Write true (T) or false (F) for the following statements.
(i) The number of digits in a square number is even.
(ii) The square of a prime number is prime.
(iii)  The sum of two square numbers is a square number.
(iv) The difference of two square numbers is a square number.
(v) The product of two square numbers is a square number.
(vi) No square number is negative.
(vii) There is no square number between 50 and 60.
(viii) There are fourteen square number upto 200.

Answer 15:

(i) False
Example: 100 is the square of a number but its number of digits is three, which is not an even number.

(ii) False
If p is a prime number, its square is p², which has at least three factors: 1, p and p². Since it has more than two factors, it is not a prime number.

(iii) False
1 is the square of a number (1 = 1²).
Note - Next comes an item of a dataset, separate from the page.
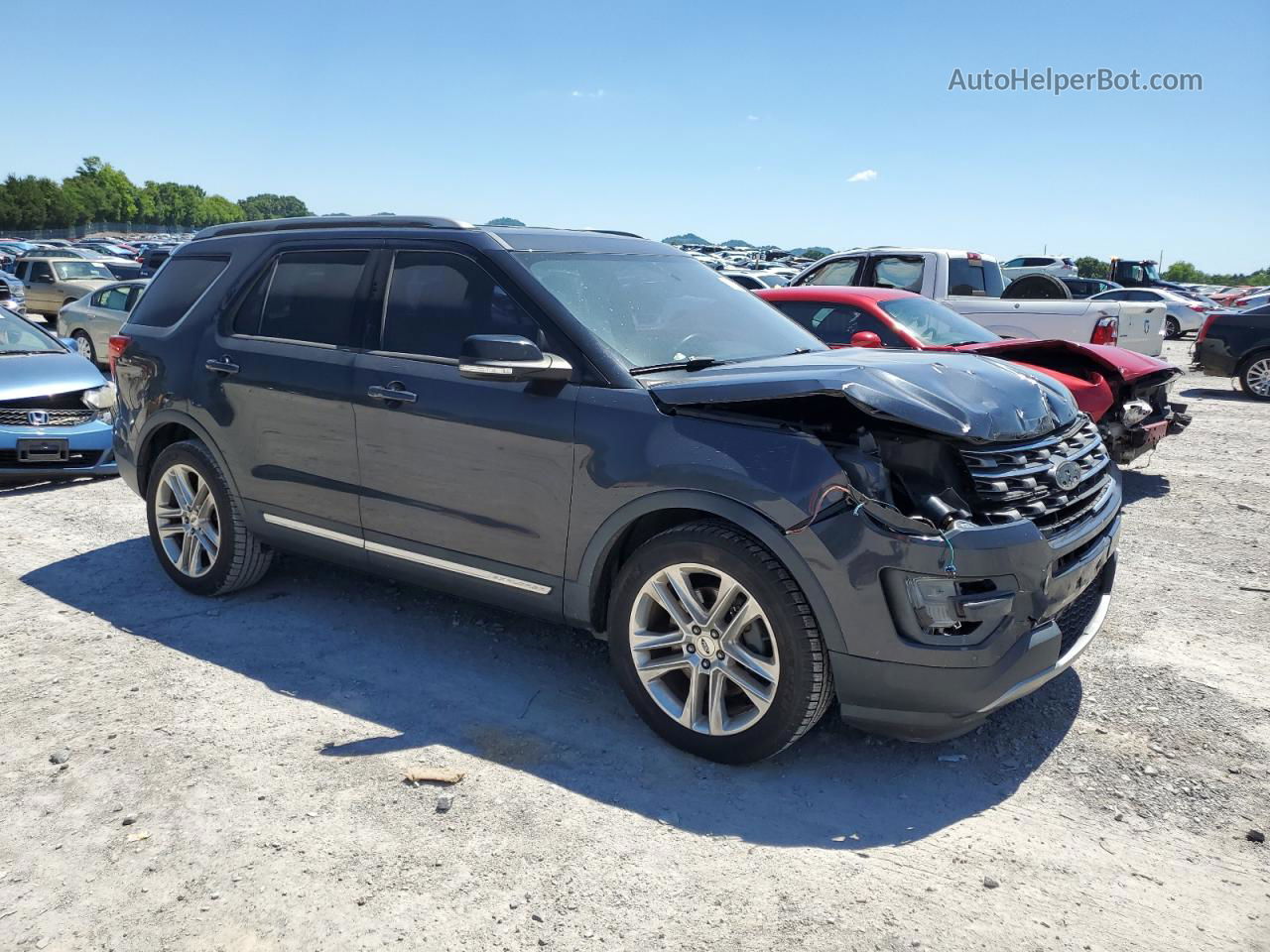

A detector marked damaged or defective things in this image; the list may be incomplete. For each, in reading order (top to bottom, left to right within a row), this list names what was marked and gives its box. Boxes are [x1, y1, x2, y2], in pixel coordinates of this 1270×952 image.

But  1 + 1 = 2, which is not the square of any number.

(iv) False
4 and 1 are squares (4  = 2², 1 = 1²). But  4 − 1 = 3, which is not the square of any number.

(v) True
If a² and b² are two squares, their product is a² x b² = (a x b)², which is a square.

(vi) True
The square of a negative number will be positive because negative times negative is positive.

(vii) True
7² = 49 and 8² = 64. 7 and 8 are consecutive numbers and hence there are no square numbers between 50 and 60.

(viii) True
14² is equal to 196, which is below 200. There are 14 square numbers below 200.